Skip to content

Store manager becomes Northern advocate

Spencer Remple uses YouTube platform to educate southerners on life in the territories
27960186_web1_220202-KIV-northernmanager_1
Spencer and Kate Remple are seen here in Pond Inlet, their previous stop for the North West Company. Spencer’s YouTube channel documents his journeys in the North and advocates for southerners to expand their horizons. Photo courtesy of Spencer Remple

Spencer Remple had an opportunity to move North for work, but he could hardly find any information on some of the remote communities of the territories – and what news he did find was often negative – so he decided to document it himself.

“I was a boat salesman in Edmonton,” said Remple, who is currently working as interim assistant manager with his wife and manager, Kate, at the Northern Store in Chesterfield Inlet.

He got a call for a boat sale from a man in Ulukhaktok, Northwest Territories, “way up north, more north than I ever even knew that people existed.”

Getting that boat up north fascinated Remple, who suddenly had a craving to learn more and experience a whole different type of life from what he was used to after growing up in southern Canada. And he didn’t want to just experience it as a tourist would.
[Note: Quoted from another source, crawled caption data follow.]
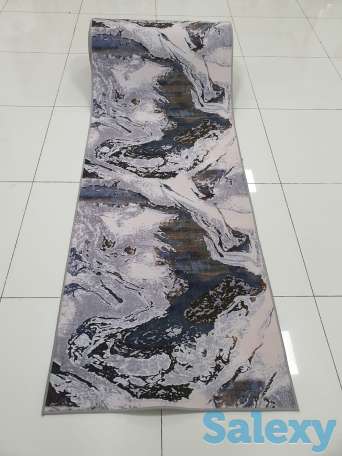 Коврик метражом, трендовая ковровая дорожка Ковер 80 см, фотография 2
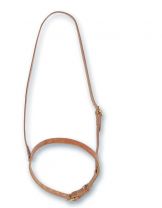 Harness Leather Neusriem - Plat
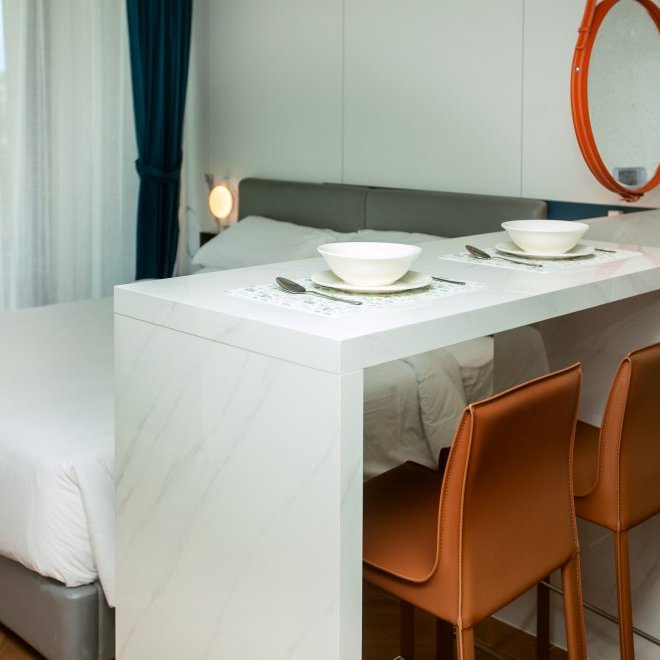 Аренда студии в Kora (ID 403)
He was looking for a career change and, along with his wife, took a job with the North West Company as a store manager, attracted to the opportunity to fill some of the remote roles in the company.

“When you’re a store manager in these remote communities, you’re really performing a service for the community,” he said. “You have an opportunity to make a difference.”

Many communities have only one store, some with two, and the North West Company offers all types of essential products and services to people, making the store a valuable need in each community.

“My wife and I thought, that’s a really neat thing we can be involved in. You’re all the way up here and a good store can really make your life better.”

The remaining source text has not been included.